I am trying to use the brms package's brm function to fit bayesian mixed effect models. The documentation isnt very clear on what exactly is achieved by increasing the number of chains, number of iterations and warmup. It would be helpful if someone can help explain these.

brmmod <- brm(
  data = modeling_input,
  formula = brm_formula,
  prior = brm_prior,
  cores = 1, chains = 4, iter = 1000, warmup = 500
)

I have realized that increasing the number of cores to equal the number of chains gives me the least run time.

I want to understand: a) how will increasing the value of iter and warmup parameters help me. b) If I increase the number of Markov chains, how does it impact the model? c) If I spin a machine equal to the number of chains parameter, would that give me the best performance in terms of runtime? My current model with cores = 1 takes 3 days to run. I however changed the cores to 4 and didn't change any other parameters. This helped me bring down the runtime to 2 days.

I am new to this so appreciate some help. Happy to read any good material or blog post. Have tried to find more details but the documentation isnt very helpful.

It can be found here (https://cran.r-project.org/web/packages/brms/brms.pdf) and the page number to reference is Pg 27.


Solution

  • To answer your question, it's helpful to remember that we are trying to sample the posterior distribution. To that end, we need "enough" samples to make reasonable statements about the posterior. How much is enough? This is going to depend on our model (more complex models usually need more samples) and our needs.

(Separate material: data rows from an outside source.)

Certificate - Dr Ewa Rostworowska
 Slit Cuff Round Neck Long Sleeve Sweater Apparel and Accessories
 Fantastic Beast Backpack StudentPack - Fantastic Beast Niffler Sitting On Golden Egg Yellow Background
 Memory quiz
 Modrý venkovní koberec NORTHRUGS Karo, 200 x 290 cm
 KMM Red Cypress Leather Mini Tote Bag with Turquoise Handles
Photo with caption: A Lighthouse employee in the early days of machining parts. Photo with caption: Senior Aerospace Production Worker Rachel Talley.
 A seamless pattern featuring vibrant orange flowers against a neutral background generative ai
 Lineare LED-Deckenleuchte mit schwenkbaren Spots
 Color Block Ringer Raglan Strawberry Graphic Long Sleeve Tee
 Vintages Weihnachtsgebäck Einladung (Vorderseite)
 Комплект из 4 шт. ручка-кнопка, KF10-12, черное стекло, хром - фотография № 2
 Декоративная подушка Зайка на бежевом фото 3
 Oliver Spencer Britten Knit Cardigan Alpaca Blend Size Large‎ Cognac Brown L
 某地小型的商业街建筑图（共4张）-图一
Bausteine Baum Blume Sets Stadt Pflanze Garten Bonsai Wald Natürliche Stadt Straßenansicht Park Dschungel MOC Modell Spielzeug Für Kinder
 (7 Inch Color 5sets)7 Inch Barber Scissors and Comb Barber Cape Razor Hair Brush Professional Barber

    We gather samples through Markov chain Monte Carlo (MCMC) sampling: start a chain with some initial parameters, run in for a while to get into our region of interest (warm up), and then sample our distribution. So each chain contributes iter - warmup samples or chains x (iter - warmup) total samples.

    Now to your questions:

    a) how will increasing the value of iter and warmup parameters help me.

    Increasing iter will increase the number of samples from the posterior. Once the estimates have converged additional samples don't really help our estimates You'll have to test these for your model but the defaults (2000 and floor(iter/2)) are usually reasonable.

    b) If I increase the number of Markov chains, how does it impact the model?

    Adding more chains increases the number of useful samples we get at the expense of more computational time. We also gain a little bit of confidence that our conclusions aren't dependent on the starting conditions (since we get chains different starting conditions).

    c) If I spin a machine equal to the number of chains parameter, would that give me the best performance in terms of runtime? My current model with cores = 1 takes 3 days to run. I however changed the cores to 4 and didn't change any other parameters. This helped me bring down the runtime to 2 days.

    Chains are embarrassingly parallel so if we set cores = chains (and we have that many cores) we can reduce our computation time accordingly. Increasing chains would let us use more cores but we would also need to decrease iter to have the same number of samples. Remember that each chain has warmup samples that are discarded so the overhead is proportional to chains (i.e. adding more chains isn't guaranteed to reduce the wall clock time). You might try choosing parameters with a subset of your data and then fitting a final model on all your data.